Storing just track data on S3

When data are copied to S3, it needs to be made publicly readable as well as setting the Content-Encoding metadata to “gzip” for compressed json files (because if you’re storing json files, it makes sense for them to be compressed to cut down on storage fees). The S3 bucket must also be configured as a website and be configured with CORS. Here is a brief outline of what you need to do.

Using the aws command line tool, recursively copy the track data for a track, using a command like this:

 aws s3 cp --recursive --acl public-read --content-encoding gzip local-directory s3://bucketname

Where local-directory is a directory containing files and subdirectories. At the top level there should be a file called index.html, though the contents of that file do not matter. The last argument of the command, s3://bucketname is the name of an S3 bucket that already exists.
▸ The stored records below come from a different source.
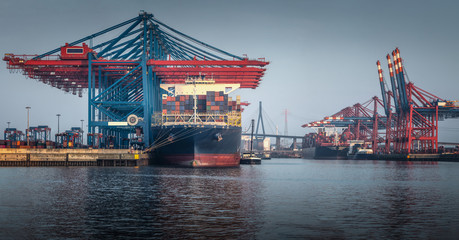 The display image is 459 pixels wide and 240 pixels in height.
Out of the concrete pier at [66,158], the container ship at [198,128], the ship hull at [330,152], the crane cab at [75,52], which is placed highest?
the crane cab at [75,52]

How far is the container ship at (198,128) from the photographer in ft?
210

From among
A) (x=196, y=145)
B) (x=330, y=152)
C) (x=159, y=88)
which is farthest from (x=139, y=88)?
(x=330, y=152)

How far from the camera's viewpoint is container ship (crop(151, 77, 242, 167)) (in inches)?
2518

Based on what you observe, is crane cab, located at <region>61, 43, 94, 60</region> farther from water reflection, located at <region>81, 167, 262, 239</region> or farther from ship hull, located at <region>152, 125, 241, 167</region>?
water reflection, located at <region>81, 167, 262, 239</region>

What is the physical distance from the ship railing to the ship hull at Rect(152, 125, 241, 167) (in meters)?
1.15

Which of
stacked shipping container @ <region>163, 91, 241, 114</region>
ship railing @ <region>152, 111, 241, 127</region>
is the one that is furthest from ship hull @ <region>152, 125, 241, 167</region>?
stacked shipping container @ <region>163, 91, 241, 114</region>

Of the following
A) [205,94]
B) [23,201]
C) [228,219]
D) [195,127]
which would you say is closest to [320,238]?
[228,219]

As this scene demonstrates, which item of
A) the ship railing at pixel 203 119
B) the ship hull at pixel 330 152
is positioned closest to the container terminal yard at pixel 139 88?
the ship railing at pixel 203 119

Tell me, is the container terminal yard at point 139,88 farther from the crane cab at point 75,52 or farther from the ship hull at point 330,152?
the ship hull at point 330,152

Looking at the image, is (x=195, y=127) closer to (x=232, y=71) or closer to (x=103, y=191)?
(x=232, y=71)

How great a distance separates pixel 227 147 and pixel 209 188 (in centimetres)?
3347

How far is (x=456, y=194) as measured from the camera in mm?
32906

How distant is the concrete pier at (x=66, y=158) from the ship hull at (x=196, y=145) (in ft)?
13.1

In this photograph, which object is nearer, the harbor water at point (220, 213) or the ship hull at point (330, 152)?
the harbor water at point (220, 213) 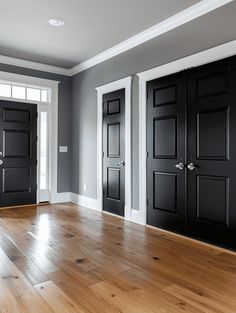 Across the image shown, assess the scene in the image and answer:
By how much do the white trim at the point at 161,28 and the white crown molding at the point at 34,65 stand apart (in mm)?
721

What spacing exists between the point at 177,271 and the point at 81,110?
12.8 feet

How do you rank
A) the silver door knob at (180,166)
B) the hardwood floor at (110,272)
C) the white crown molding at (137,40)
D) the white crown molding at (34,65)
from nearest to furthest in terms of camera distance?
the hardwood floor at (110,272) < the white crown molding at (137,40) < the silver door knob at (180,166) < the white crown molding at (34,65)

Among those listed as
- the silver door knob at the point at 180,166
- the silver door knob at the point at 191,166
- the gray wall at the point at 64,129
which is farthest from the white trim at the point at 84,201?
the silver door knob at the point at 191,166

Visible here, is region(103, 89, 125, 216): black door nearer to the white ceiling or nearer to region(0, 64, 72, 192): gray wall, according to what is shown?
the white ceiling

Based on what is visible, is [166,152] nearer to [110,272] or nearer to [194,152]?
[194,152]

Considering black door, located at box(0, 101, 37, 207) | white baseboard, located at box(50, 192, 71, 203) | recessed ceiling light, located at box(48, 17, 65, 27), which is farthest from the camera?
white baseboard, located at box(50, 192, 71, 203)

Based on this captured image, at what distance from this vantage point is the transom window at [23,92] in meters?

While I haven’t tested with tabix-indexed files like VCF or indexed GFF3, I am pretty sure you don’t want to include the --content-encoding flag when transferring them. I have tested with BAM and BigWig files, and they definitely should not have the --content-encoding flag as it will cause problems with the range requests. As a result, the command for transferring these sorts of indexed files should look something like this:

 aws s3 cp --recursive --acl public-read  binary_directory s3://bucketname/WormBase/worm/tracks/binary_directory 

Where binary_directory is the local directory containing binary indexed files, which can have subdirectories.

Next, the S3 bucket has to be configured to operate as a website. Use this aws command to accomplish this:

 aws s3 website s3://bucketname --index-document index.html

Here, the contents of the index.html file don’t matter but the file is required, so you could put a brief comment about the data being served..

Finally, the bucket needs to configured to allow Cross Origin Resource Sharing (CORS). Below is a simple command to do this. Note that this configuration will allow any website to access the track data (which could result in higher transfer and GET fees). If you want to restrict it to just the website you control, replace the * in the AllowedOrigins entry with the url of your server. Also note that the first argument of the aws command is slightly different that previous commands, using “s3api” rather than “s3”:

 aws s3api put-bucket-cors --bucket bucketname --cors-configuration '{"CORSRules": [{"AllowedOrigins": ["*"],"AllowedHeaders": ["*" ],"AllowedMethods": ["GET"],"MaxAgeSeconds": 3000}]}'

After S3 is configured, you need to modify your JBrowse track configuration to find the track data on S3. Before modifying trackList.json, you need to understand how to write S3 website URLs. They look like this:

 http://bucketname.s3-website-us-east-1.amazonaws.com/...

Where the first part of the domain name is the bucket name, and the “us-east-1” has to be replaced with the AWS region your bucket is in.

A typical JBrowse trackList.json has a urlTemplate parameter that looks like this:

 "urlTemplate" : "tracks/Curated_Genes/{refseq}/trackData.jsonz"

which is a relative URL. We’ll change it to be an absolute url that points at our new S3 bucket:

 "urlTemplate":"http://bucketname.s3-website-us-east-1.amazonaws.com/WormBase/worm/tracks/Curated_Genes/{refseq}/trackData.jsonz"

After making this change to your trackList.json file, a reload of JBrowse will have it pulling track data from S3.